En cuanto a los peatones, urge su vuelta a lo alto de la jerarquía de la movilidad, lo que podría concretarse en peatonalizaciones sistemáticas en el marco de supermanzanas: el tráfico de paso se derivaría a los contornos de dichas supermanzanas, que sólo podrían ser penetradas por el tráfico residencial o de reparto.
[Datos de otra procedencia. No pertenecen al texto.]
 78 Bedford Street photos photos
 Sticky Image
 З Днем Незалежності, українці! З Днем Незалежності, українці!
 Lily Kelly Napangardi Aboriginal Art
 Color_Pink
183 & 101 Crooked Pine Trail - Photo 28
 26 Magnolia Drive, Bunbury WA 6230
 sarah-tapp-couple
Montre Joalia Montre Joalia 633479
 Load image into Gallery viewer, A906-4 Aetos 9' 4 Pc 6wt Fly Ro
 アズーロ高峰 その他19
Y, por qué no, podemos imaginar también soluciones tecnológicas (sólo ligeramente) futuristas como los ’trenes’ de vehículos autónomos para transporte público, compuestos por módulos que se unen y separan al entrar y salir de las zonas con mayor densidad de población (optimizando así el uso de módulos a lo largo de cada itinerario) y que podrían operar a la demanda, es decir sin una programación regular; los vehículos pesados autónomos (que circularían de noche, contribuyendo a la descongestión de las carreteras) y eléctricos (tal vez guiados por catenarias); las carreteras capaces de recargar vehículos al circular sobre ellas y de generar energía fotovoltaica, o incluso los autobuses que pueden circular por encima de los coches.
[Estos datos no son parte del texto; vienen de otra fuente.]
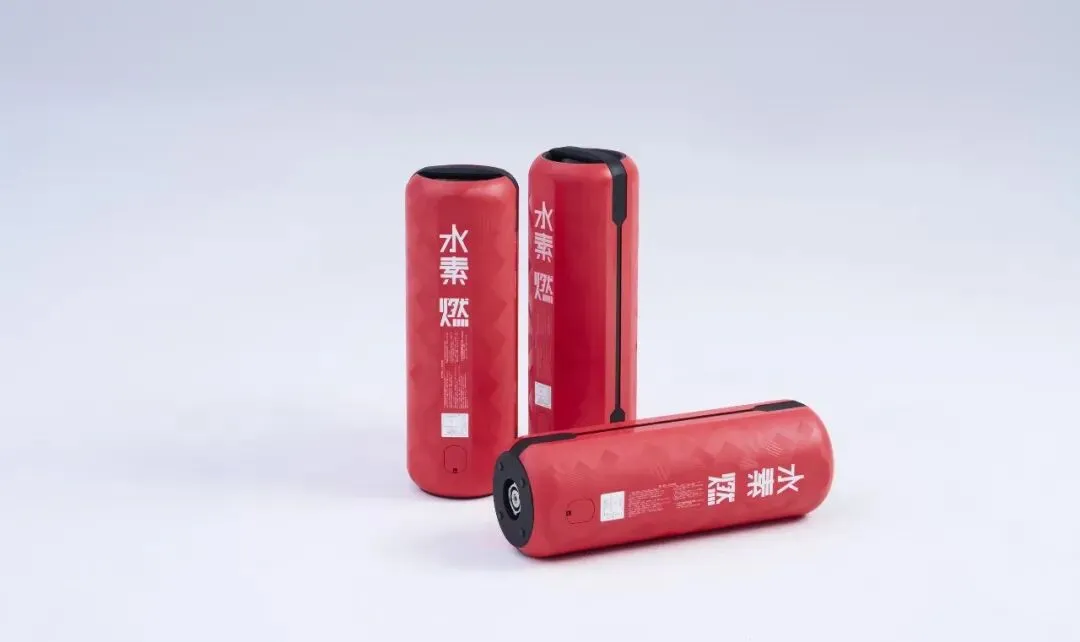 图2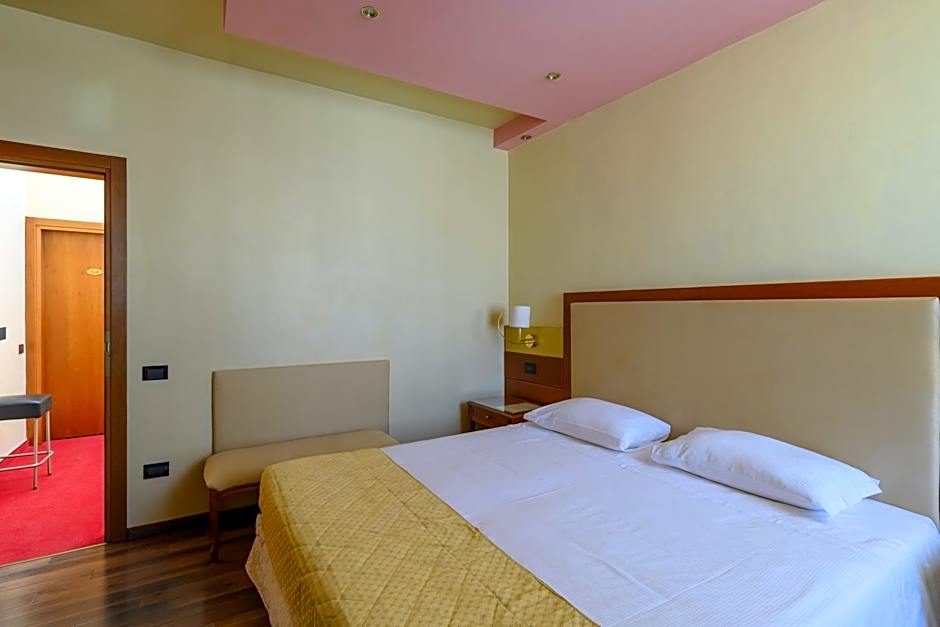 Diamantino Town House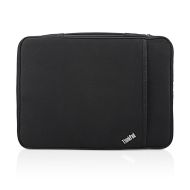 Калъф Lenovo ThinkPad 13" Sleeve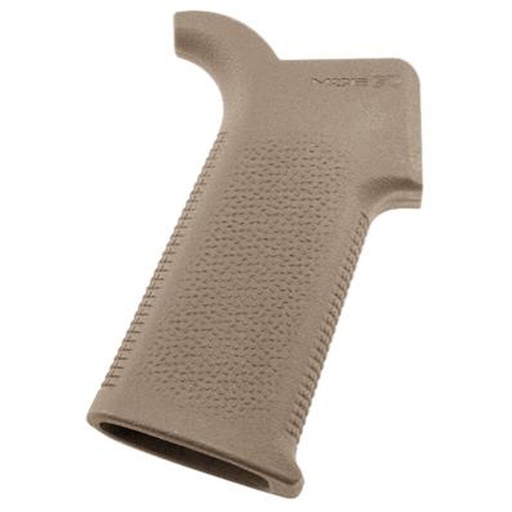 [MPIMAG539-FDE] MAGPUL MOE SL GRIP AR15/M4 FDE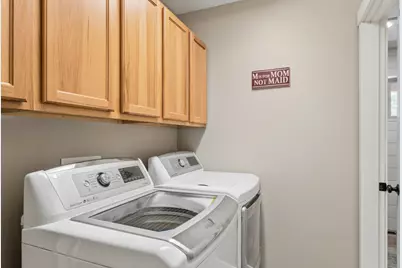 153520 Twilla Court, La Pine, OR 97739 - Photo 21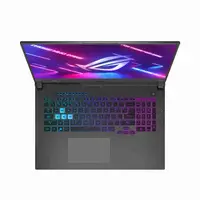 在飛比找有閑購物優惠-ASUS ROG G713PV-0072F945HX 黑 S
Por lo demás, creo necesario seguir reivindicando el modelo de ciudad densa (o intensa), en tanto que es el único que permite una oferta de transporte público lo bastante amplia como para ser atractiva frente al coche y, a pesar de esa densidad, socialmente rentable, y también el único que permite una oferta abundante de comercios de proximidad, los cuales, situados en los bajos de los edificios, contribuyen entre otras cosas al tránsito en el espacio público y a su seguridad.

Más allá de la movilidad

No querría dejar de mencionar algunas ideas ajenas al transporte que, aun siendo de una gran sencillez conceptual, pueden mejorar de manera concreta nuestras ciudades y nuestras vidas. Una de las que más me gustan es la de las monedas locales. Estas monedas, utilizadas en un ámbito inferior al nacional, restringen su uso al pago de determinados bienes y servicios (los más esenciales) y tienen por objetivo proteger el empleo local. Al compartimentar territorialmente una parte de la economía, su efecto final es el de limitar su financiarización y las dinámicas de deslocalización y desigualdad asociadas a la mundialización. La implicación ciudadana en el éxito de esta idea es por supuesto clave, de modo que sería una muy buena noticia que en España comenzáramos a hablar mucho más sobre ella, como ya ocurre en otros países de nuestro entorno.

En efecto, todo un movimiento en defensa de la relocalización y el comercio de circuitos cortos comienza a hacerse fuerte en Europa y probablemente sea uno de los debates políticos centrales de los próximos años. Las ciudades no pueden ser sino protagonistas de dicho movimiento, por ejemplo gracias la agricultura urbana. Eso sí, para transformar los deseos en hechos deberán establecerse incentivos concretos que favorezcan la competitividad en precio de la producción local y un etiquetado funcional sobre el origen de todo lo que consumimos.

Un cambio de era hacia una era de cambio

Espero que las ideas previamente expuestas acerca de la posición central de las ciudades en el marco de la revolución ecológica que está por venir puedan ser de interés para los lectores. Aunque hay que asumir que de poco servirán si se confirman nuestros mayores temores a propósito de la Singularidad, ese evento tecnológico que algunos anuncian para antes del 2045 y que implicaría la aparición de una inteligencia artificial capaz de mejorarse a sí misma indefinidamente y tal vez volverse contra nosotros. Ante nuestra incapacidad para evaluar semejante riesgo, hay incluso quienes piden aplicar el principio de precaución y frenar en seco la rama central del progreso humano. Ojalá contáramos con nuestro embajador interestelar para orientarnos ante estos dilemas. En su defecto, sólo nos queda asumir nuestra responsabilidad a la hora de crear nuestra suerte, encomendarnos a nuestra inteligencia y a nuestras decisiones individuales y colectivas. ¿Quiénes merecerán hablar en nombre de la Tierra?